Aim of the task:
Take the records below from their first line through the line holding "Čokoláda - čím", and set each of those lines down exactly, without pictures.

── Data listing

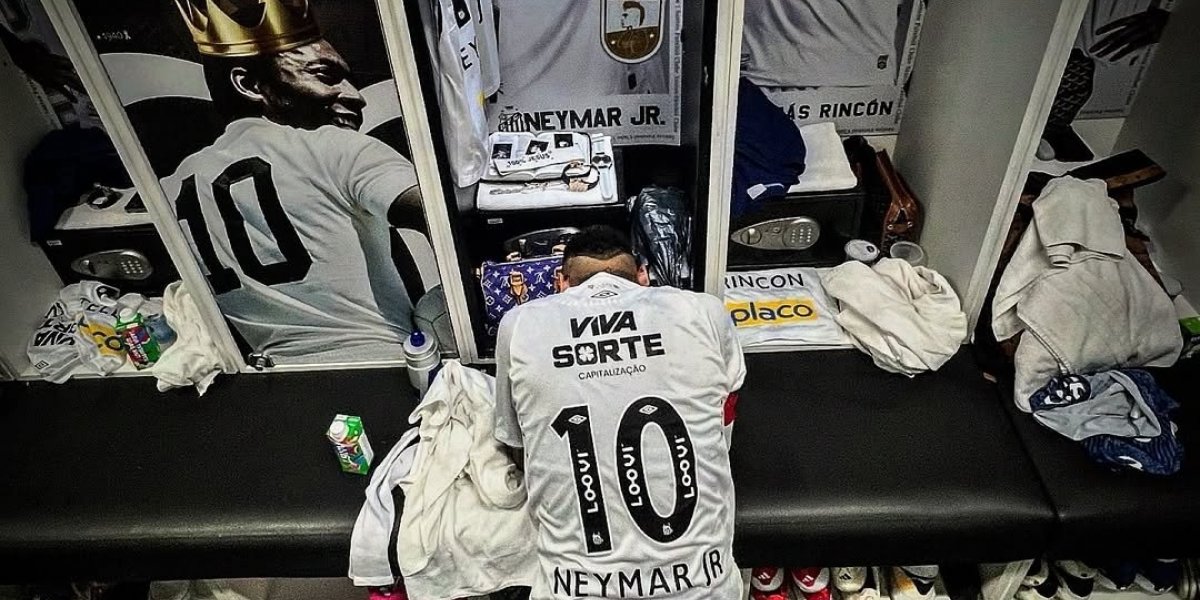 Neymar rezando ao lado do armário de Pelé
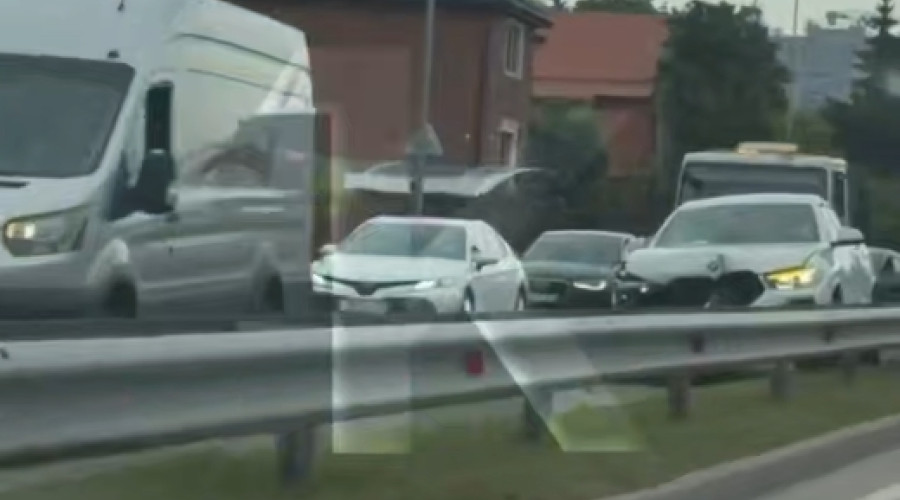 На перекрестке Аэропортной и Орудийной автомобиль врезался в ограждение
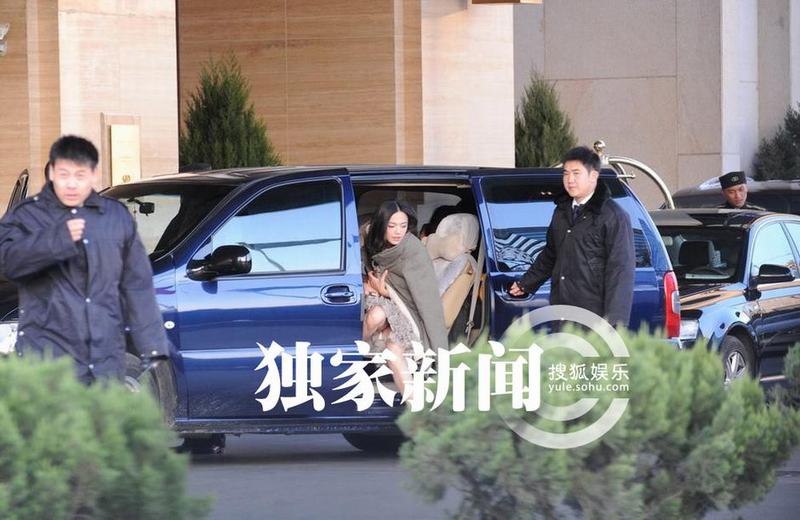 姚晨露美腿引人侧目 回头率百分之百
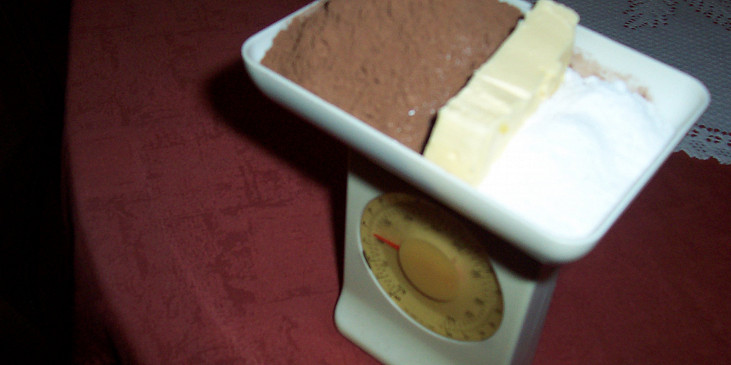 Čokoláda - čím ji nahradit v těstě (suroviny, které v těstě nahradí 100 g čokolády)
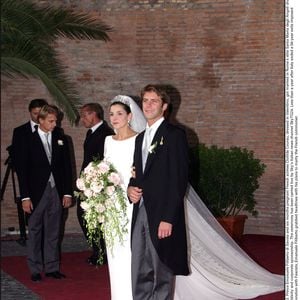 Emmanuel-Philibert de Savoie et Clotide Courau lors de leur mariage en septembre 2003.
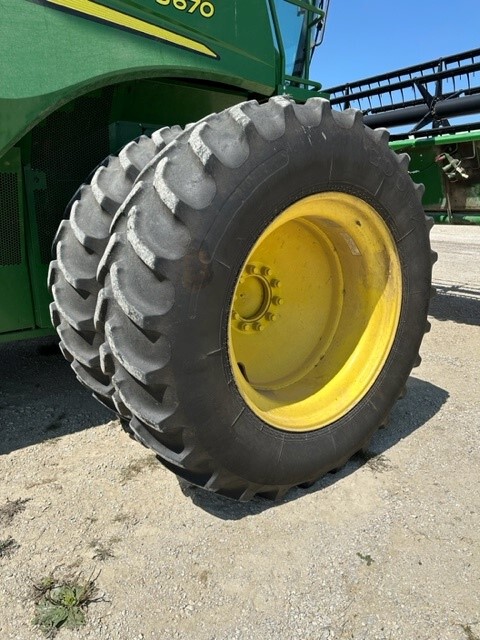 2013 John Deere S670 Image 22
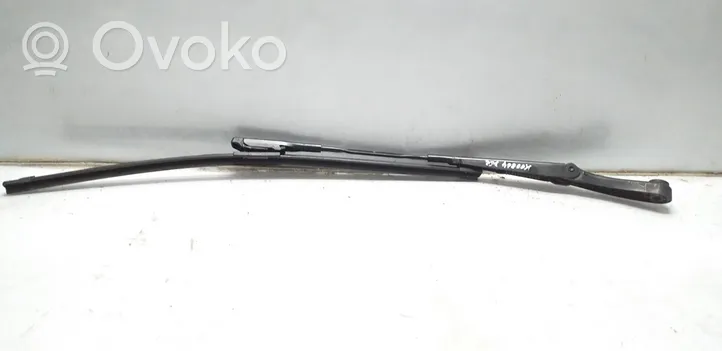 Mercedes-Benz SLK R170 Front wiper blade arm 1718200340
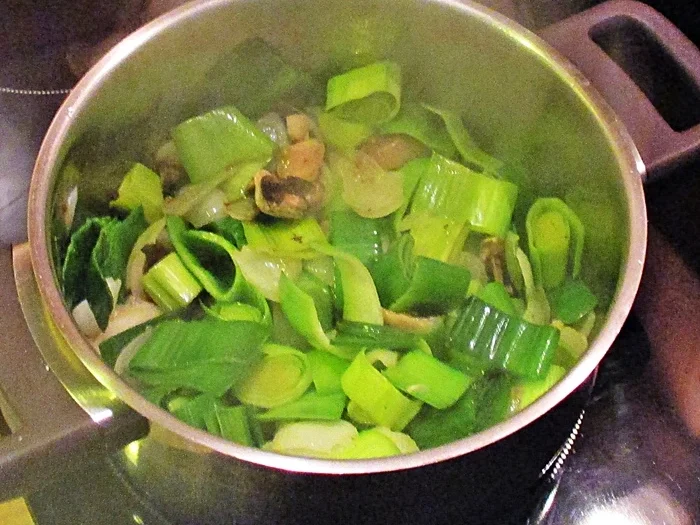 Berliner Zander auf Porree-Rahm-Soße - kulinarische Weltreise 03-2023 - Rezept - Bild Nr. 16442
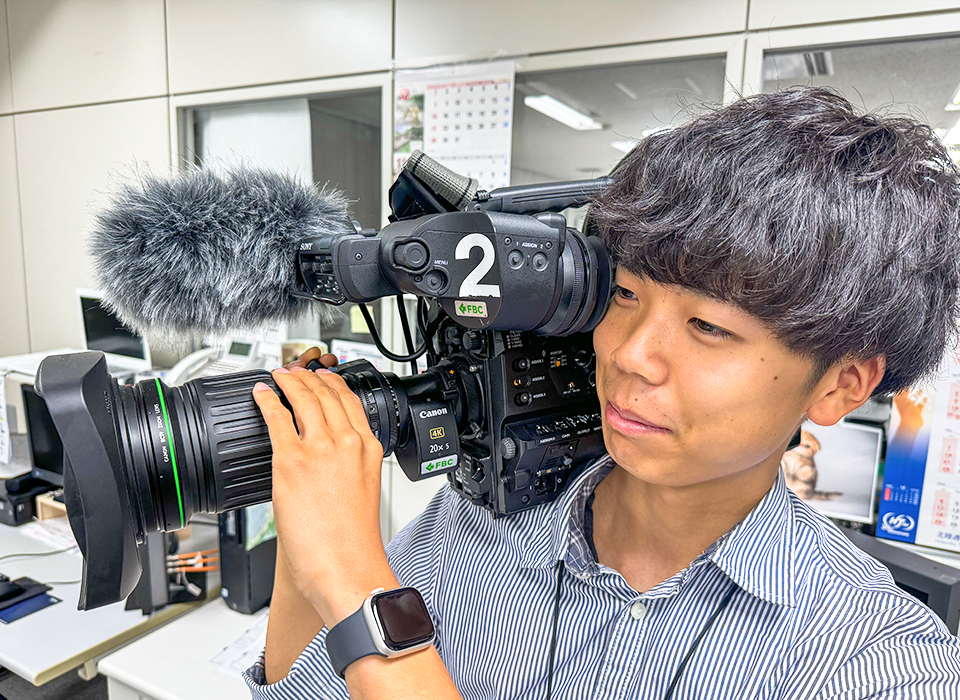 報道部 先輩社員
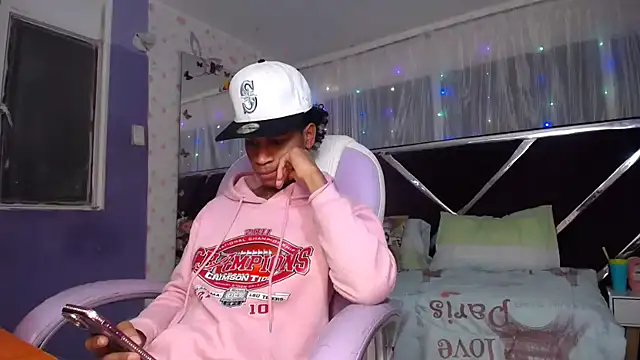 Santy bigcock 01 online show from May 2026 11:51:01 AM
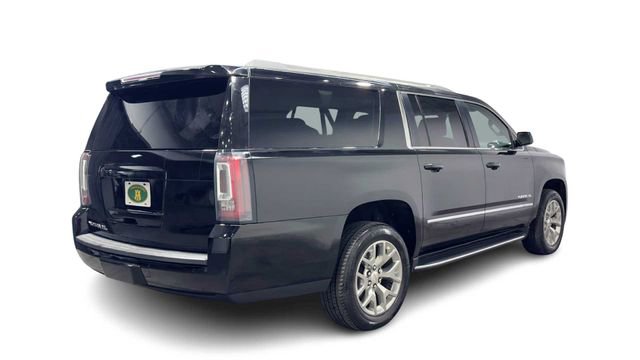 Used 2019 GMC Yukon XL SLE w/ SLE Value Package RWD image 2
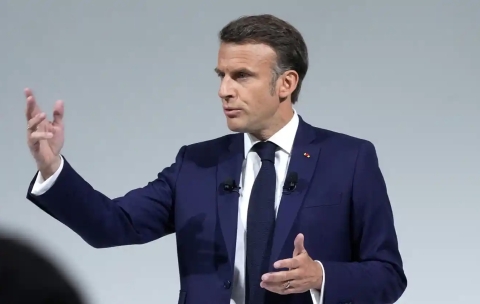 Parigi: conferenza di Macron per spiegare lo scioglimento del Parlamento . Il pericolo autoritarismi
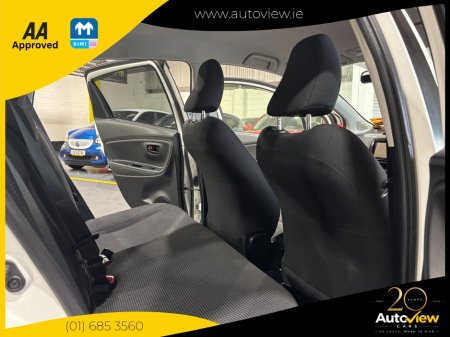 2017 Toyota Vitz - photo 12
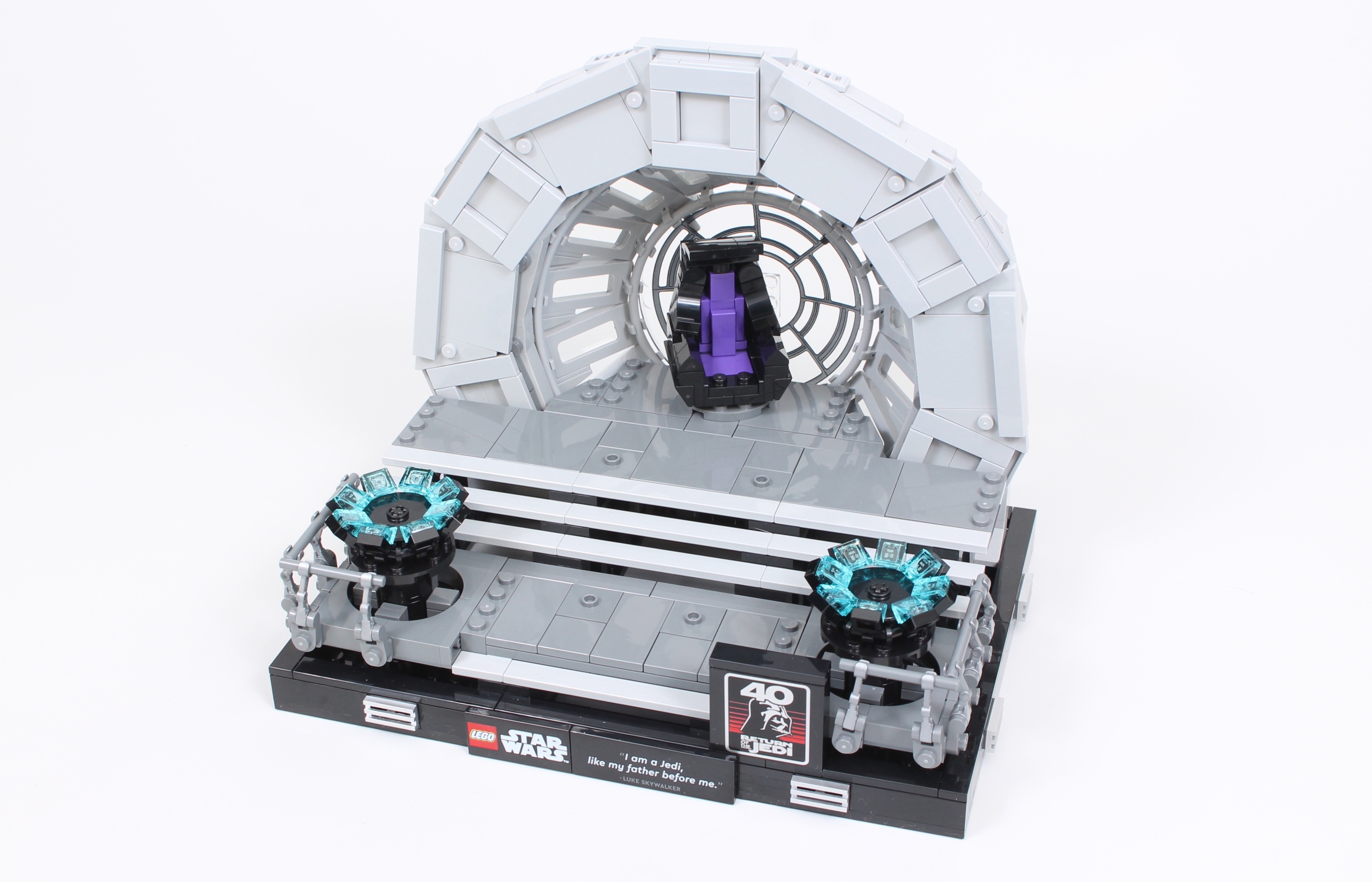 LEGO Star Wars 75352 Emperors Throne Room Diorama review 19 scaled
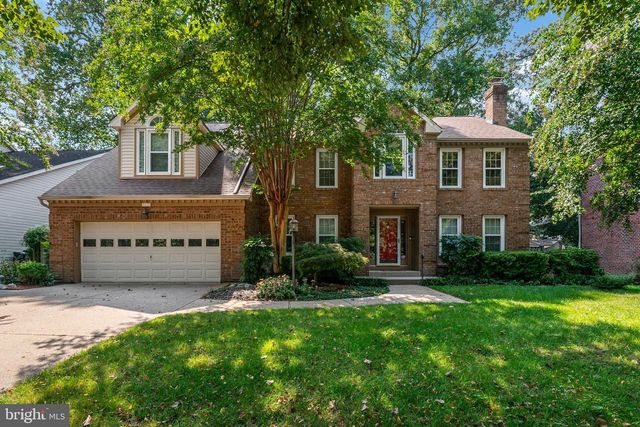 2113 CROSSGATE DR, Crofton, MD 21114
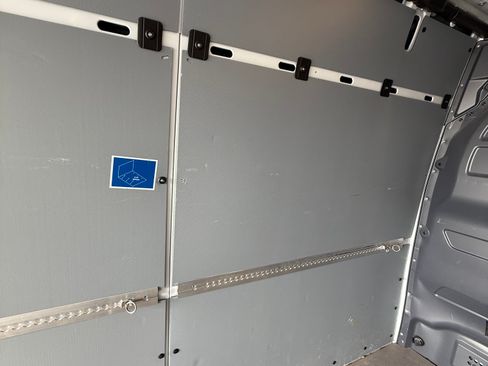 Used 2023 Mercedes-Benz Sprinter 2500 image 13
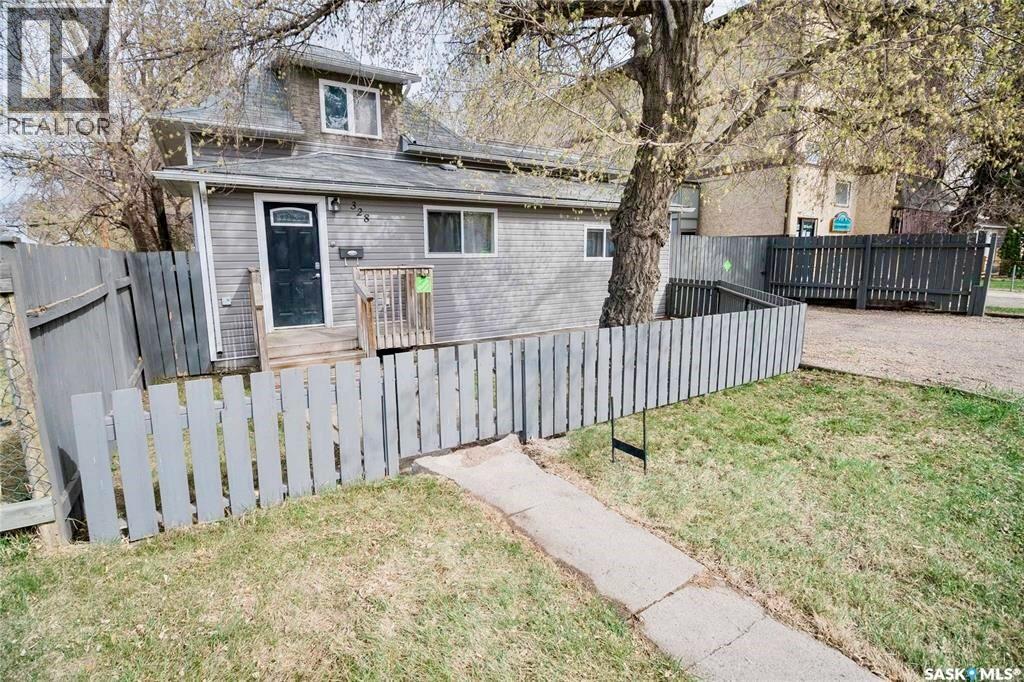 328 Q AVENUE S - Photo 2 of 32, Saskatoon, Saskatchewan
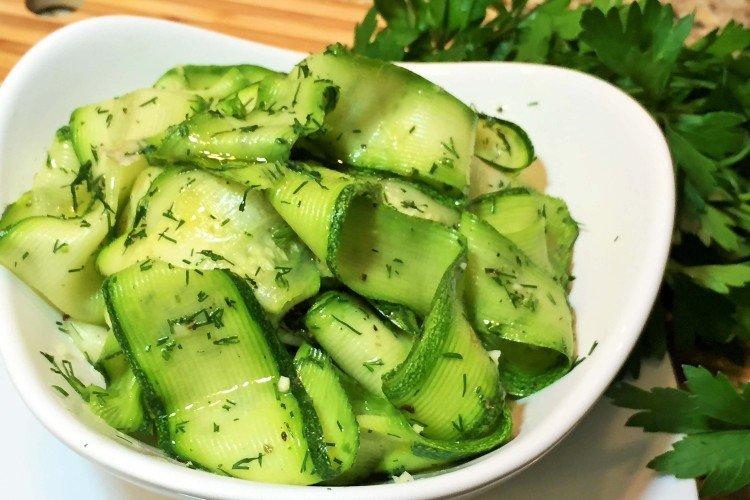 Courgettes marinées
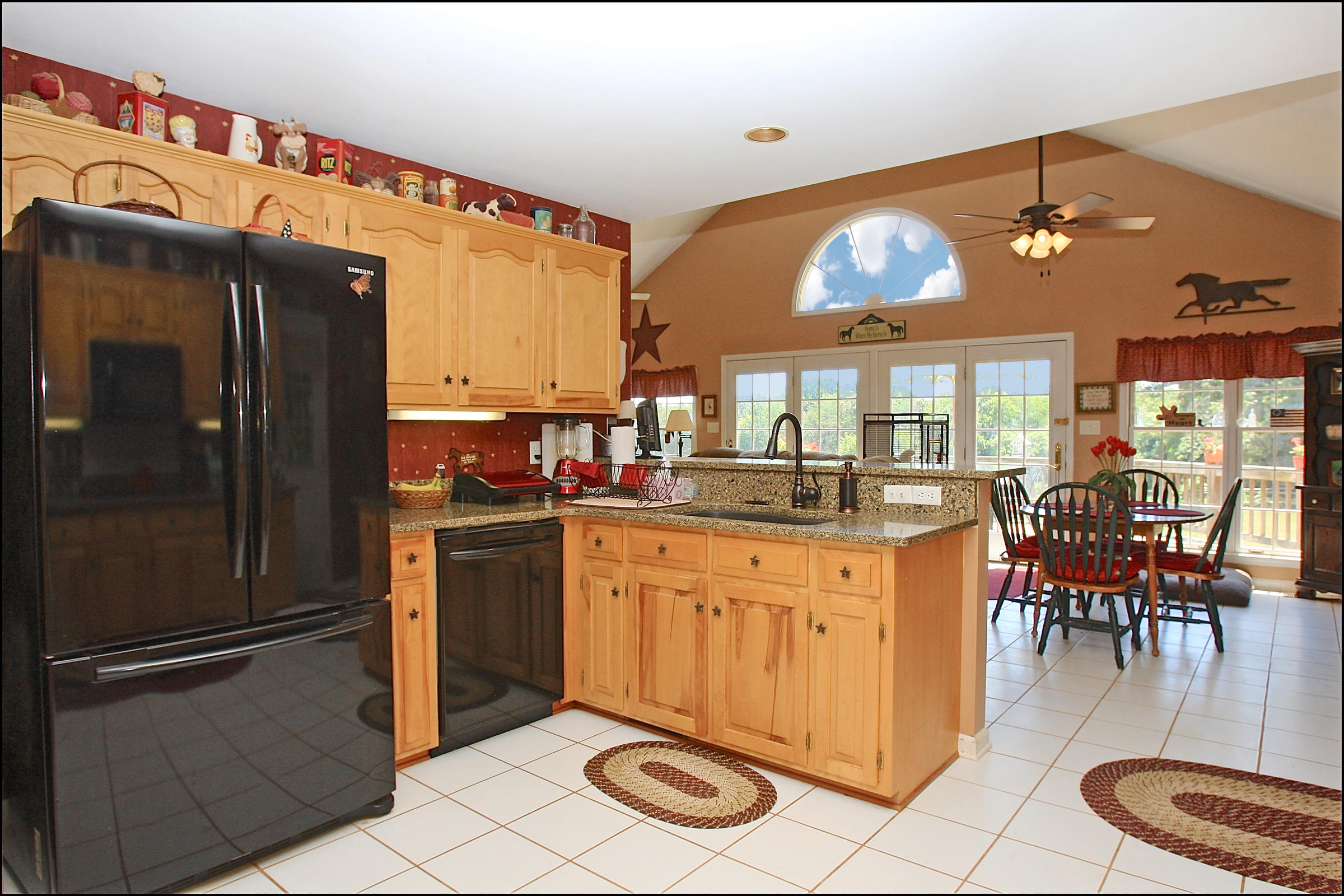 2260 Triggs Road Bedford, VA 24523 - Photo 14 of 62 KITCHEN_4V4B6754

────

Solution to the exercise:
 Neymar rezando ao lado do armário de Pelé
 На перекрестке Аэропортной и Орудийной автомобиль врезался в ограждение
 姚晨露美腿引人侧目 回头率百分之百
 Čokoláda - čím ji nahradit v těstě (suroviny, které v těstě nahradí 100 g čokolády)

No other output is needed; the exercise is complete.